Thursday, April 26, 2012

World Malaria Day!

It happened! I wrote about it and posted pictures to check them out!

Monday, April 23, 2012

Looking Forward to World Malaria Day!

On Wednesday visit to read tweets in real time from PCVs commemorating World Malaria Day across Mozambique!
Wednesday, April 25th is World Malaria Day and the President’s Malaria Initiative (PMI) and the National Malaria Control Program (PNCM) will hold the national recognition ceremony in Cumbana village, in the district of Jangamo, Inhambane province. Activities will begin at 6:30am at the Cumbana health center with a March in honor of World Malaria Day. Ceremonial placing of flowers and singing of the Mozambican National Anthem will follow. To kick off the day’s activities, spectators will be invited to participate in an activity testing their knowledge about malaria transmission, symptoms, treatment, and prevention. Following this, national and international partners in the fight against malaria in Mozambique will be invited to speak briefly about their efforts. Festivities throughout the day will include songs and skits about malaria from local groups and a soccer tournament. Expected attendees include the First Lady of Mozambique, the Minister of Health, the Governor of Inhambane province, and representatives from PNCM, PMI, USAID, as well as many more partner organizations.

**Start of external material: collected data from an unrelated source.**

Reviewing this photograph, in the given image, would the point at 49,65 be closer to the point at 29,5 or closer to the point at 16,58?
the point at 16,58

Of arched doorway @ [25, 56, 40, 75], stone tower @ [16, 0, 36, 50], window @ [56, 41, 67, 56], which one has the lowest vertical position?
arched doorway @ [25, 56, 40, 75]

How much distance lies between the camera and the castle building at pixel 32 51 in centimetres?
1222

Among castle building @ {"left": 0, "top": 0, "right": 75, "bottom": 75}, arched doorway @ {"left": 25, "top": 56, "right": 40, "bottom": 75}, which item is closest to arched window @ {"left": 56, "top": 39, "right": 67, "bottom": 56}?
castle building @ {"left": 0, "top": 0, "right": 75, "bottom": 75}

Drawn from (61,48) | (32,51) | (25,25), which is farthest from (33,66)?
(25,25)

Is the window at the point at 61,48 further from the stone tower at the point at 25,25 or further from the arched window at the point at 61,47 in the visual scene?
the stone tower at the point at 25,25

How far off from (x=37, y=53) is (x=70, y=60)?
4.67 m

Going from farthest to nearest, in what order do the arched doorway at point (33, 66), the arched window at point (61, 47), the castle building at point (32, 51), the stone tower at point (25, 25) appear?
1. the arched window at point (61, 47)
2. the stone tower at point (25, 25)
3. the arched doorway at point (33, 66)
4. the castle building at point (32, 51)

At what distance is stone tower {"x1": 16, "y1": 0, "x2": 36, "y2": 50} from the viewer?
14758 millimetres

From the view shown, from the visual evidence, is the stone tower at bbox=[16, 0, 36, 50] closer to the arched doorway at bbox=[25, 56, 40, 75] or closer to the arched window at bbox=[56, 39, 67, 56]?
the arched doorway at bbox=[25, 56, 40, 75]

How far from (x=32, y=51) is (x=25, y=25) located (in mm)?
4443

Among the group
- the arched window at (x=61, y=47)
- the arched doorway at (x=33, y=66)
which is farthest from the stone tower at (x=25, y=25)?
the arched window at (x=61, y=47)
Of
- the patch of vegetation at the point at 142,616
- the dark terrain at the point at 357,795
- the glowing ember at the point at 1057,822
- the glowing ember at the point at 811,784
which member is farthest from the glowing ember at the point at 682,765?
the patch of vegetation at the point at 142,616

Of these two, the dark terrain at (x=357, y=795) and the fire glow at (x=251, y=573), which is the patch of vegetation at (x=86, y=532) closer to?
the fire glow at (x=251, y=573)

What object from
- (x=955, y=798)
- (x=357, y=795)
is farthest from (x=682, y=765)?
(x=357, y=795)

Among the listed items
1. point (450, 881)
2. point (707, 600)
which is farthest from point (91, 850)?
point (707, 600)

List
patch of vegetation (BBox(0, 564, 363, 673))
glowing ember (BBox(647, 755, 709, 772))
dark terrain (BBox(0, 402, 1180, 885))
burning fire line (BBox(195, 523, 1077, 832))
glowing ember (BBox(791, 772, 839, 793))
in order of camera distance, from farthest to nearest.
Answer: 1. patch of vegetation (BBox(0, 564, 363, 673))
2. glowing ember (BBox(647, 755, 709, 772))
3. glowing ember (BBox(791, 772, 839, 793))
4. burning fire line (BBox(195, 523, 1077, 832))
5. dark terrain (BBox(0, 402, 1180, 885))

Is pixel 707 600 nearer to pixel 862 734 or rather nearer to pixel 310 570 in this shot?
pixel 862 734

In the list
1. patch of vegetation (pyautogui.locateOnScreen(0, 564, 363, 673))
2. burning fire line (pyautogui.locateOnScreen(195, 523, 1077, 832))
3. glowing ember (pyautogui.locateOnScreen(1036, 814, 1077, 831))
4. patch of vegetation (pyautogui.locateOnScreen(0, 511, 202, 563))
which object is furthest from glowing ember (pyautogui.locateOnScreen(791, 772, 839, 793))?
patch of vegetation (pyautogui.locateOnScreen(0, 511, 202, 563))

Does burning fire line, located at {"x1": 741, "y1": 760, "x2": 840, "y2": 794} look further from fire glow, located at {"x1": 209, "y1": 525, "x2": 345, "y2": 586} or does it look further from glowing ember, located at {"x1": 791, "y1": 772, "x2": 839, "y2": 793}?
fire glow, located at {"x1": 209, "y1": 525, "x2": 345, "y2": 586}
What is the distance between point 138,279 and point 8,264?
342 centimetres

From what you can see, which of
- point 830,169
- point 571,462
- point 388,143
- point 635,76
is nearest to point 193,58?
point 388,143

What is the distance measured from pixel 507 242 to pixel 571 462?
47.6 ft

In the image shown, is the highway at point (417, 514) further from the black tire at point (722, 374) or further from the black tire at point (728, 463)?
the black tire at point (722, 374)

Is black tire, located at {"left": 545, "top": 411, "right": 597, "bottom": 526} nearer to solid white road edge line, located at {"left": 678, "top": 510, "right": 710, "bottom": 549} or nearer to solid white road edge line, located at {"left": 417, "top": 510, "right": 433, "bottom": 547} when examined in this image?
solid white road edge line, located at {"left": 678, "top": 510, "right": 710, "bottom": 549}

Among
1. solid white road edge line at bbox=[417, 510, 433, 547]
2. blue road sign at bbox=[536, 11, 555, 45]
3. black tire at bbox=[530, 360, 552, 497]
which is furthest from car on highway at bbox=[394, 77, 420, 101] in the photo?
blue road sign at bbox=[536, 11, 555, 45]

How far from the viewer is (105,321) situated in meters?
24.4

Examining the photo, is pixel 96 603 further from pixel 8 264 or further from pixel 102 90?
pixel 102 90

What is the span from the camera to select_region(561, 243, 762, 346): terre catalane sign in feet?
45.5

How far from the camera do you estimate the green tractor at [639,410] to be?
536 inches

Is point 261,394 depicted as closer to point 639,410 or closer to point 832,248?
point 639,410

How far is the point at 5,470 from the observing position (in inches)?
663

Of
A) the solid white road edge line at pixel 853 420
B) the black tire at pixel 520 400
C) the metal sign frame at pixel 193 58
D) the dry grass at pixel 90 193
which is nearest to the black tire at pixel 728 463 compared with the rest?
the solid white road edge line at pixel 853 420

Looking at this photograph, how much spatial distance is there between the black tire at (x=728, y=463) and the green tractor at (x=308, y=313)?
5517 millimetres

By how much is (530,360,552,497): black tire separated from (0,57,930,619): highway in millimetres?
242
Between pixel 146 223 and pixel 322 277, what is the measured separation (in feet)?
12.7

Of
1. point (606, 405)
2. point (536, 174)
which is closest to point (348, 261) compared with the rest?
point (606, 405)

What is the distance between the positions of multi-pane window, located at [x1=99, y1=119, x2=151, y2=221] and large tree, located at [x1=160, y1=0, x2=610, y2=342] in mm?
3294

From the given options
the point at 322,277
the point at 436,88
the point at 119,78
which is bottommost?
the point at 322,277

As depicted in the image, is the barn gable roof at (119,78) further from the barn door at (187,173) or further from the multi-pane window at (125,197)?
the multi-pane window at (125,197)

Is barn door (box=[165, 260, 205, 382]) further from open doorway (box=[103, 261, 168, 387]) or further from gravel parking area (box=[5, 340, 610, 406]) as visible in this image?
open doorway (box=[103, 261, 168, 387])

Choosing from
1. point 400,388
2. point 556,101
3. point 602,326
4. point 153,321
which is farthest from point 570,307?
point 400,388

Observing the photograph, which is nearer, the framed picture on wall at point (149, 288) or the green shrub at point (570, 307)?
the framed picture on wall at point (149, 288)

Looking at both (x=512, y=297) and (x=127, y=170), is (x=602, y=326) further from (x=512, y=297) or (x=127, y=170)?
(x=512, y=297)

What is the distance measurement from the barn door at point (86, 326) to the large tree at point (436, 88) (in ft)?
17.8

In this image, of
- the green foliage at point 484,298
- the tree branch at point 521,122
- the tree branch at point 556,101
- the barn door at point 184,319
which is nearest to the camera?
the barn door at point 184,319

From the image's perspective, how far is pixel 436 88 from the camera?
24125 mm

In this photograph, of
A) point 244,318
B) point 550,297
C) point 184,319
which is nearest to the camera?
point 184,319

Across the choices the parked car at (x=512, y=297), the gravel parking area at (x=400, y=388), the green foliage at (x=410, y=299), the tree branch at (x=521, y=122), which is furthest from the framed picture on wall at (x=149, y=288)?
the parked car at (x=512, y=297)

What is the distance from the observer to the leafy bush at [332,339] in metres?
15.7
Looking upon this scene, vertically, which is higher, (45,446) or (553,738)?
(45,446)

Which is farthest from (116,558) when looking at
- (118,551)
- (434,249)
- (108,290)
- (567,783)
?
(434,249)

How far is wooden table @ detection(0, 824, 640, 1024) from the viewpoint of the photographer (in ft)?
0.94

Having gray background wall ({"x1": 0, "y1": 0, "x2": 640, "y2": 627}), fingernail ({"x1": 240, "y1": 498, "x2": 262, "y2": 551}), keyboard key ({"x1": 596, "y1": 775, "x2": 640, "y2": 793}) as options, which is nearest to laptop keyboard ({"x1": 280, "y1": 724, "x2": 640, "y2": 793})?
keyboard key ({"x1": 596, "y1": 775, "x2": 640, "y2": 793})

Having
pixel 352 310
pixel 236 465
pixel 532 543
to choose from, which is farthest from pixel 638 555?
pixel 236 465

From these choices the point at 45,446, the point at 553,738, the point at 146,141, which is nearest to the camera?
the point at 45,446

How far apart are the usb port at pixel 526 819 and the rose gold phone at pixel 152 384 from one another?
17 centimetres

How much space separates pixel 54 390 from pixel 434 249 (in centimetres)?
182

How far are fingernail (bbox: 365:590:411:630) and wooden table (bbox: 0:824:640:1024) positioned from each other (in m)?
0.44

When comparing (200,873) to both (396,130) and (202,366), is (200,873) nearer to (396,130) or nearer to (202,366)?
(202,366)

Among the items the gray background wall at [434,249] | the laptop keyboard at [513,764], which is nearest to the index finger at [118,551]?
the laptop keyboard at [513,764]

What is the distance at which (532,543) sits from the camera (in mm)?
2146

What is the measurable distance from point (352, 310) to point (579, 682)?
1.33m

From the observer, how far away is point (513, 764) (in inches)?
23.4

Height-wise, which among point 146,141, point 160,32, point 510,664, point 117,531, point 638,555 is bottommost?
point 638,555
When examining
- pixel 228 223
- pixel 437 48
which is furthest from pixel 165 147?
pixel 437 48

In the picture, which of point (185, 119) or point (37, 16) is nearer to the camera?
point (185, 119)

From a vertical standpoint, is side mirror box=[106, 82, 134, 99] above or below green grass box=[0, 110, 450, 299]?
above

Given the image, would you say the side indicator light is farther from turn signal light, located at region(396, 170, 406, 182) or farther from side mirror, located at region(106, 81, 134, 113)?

The power has been out at home since about 6pm last night. Last night I played guitar and wrote in my journal by candlelight…I don’t think it gets more Peace Corps than that! This morning I really needed to bathe but we still had no electricity which meant so way to heat the water for my bath. But being the resourceful PCV I am, I remembered that the Peace Corps office has a generator, so I brought my large basin and a plastic cup to bathe at work! On the way I passed a woman who we buy bread from and who I pass each day going to and from the office. “Why do you need that basin at work?” she asked. Embarrassed, I sputtered a reply about needing to bathe.

Sunday, April 22, 2012


It seems like anytime a chapa drives past me here the conductor sticks his head out the window and yells “Maputo?” at me. Regardless of whether I am on my morning jog, enjoying a snack, or just strolling down the street, it’s unfathomable to them that a white person would actually want to be on the streets of Namaacha, surely she got lost en route to Maputo. This would happen in Inharrime too. On most days I just wave my finger “no” at them…on some days I yell back “do I LOOK like I’m going to Maputo?!” This morning it happened again. I just shrugged my arms like “what are you thinking?” and gave them a bad look. But then one of the men standing in a group talking between the chapa and me yelled back to the chapa conductor “no she doesn’t want to go to Maputo, she’s going to church!” I laughed and thanked him because he was absolutely correct.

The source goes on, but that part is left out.